2008-11-24 23:04:48 | 事件・犯罪・裁判・司法
小泉容疑者の父、「私の命をささげたいくらい」と謝罪(読売新聞) - goo ニュース

「小泉毅」近所でトラブル 「みんな怖がっていた」(朝日新聞) - goo ニュース

 小泉毅が出頭前に10年ぶりに父親に電話をしていたという報道、また同じく出頭前に、それほど親しいわけでもない階下の住人に「いらないものがあるから」とアダルトDVDを渡していたとの報道に接して、昔、山本夏彦が梅川昭美について次のように述べていたことを思い出した。


 彼は流行の本を小脇にかかえて、このマンションの一階にあるスナックに出没しました。これも私たちがよくすることです。彼のいわゆる友人はこのスナックのマスターと、ここで知り合った何人かで、彼らは麻雀友だちだったようです。そして二十七日、犯人は机のかげでひそかにダイヤルを回して彼らに、また金を借りた相手に電話をかけています。してみると彼は手帳を持っていたことが分ります。犯人は死ぬ覚悟で、だれかに別れを告げたくて電話をかけたのです。
 お察しのとおり私はこの男を哀れに思っています。電話をかける友だちを持たぬ彼に現代人を見ています。むかしから船の中の友は友でないと言います。船の中で知合になっても、船を降りたらもう友でないこと、汽車の中の友が友でないがごとしです。

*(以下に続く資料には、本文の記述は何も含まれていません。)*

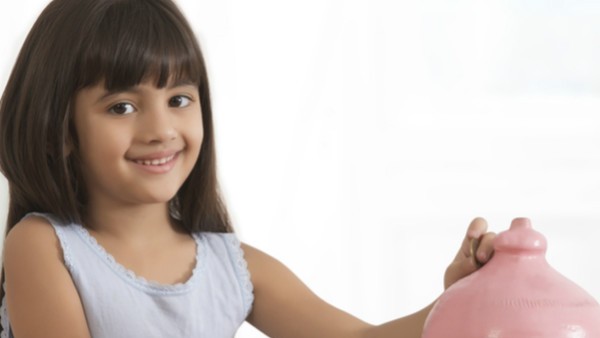 മാതാപിതാക്കളില്‍ ഒരാള്‍ക്ക് മാത്രം അക്കൗണ്ട് ആരംഭിക്കാം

以前はバーやキャバレで知合になった人とは名刺を交換しませんでした。談笑してもそれはバーやキャバレのなかだけのことで、その人を白昼訪ねませんでした。〔中略〕
 スナックのマスターやそこで知り合った麻雀友だちは、やはり友ではありません。思いがけず梅川から電話をもらったマスターは声をのんだことでしょう。「ま、がんばってしっかりやれや」と犯人に言われて、返す言葉がなかったことでしょう。
 梅川はこの期に及んで、借金を返そうとしています。ドロボーや人殺しをして奪った金で借金を返すなんて前代未聞のことで、ドロボーの風上におけないと、本もののドロボーなら笑うでしょう。
 これによってみると、彼は借りたものは返さなければならぬと思っているようです。親孝行もしなければならぬと思っているようです。四国の母親を訪ねると、マスターに土産を持って帰ったと言います。旅すれば必ず土産を持参するという習慣――ずいぶん多くの習慣が滅びましたが、これだけは滅びない習慣――梅川はこの土産を持参する相手がなくて、スナックのマスターに持参したのです。
 彼は人質の中の片親の子と子連れの客をいたわっています。律儀で親切なところがあると言わなければなりません。ただ頭の一個所がこわれているだけです。
(山本夏彦「友のごときもの」――『つかぬことを言う』(中公文庫、1987)より)


 彼は、麻雀仲間的な存在すらも持たなかったのだろうか。

 それでも、人は何らかのかたちで自分を社会に認知させたいと思うものらしい。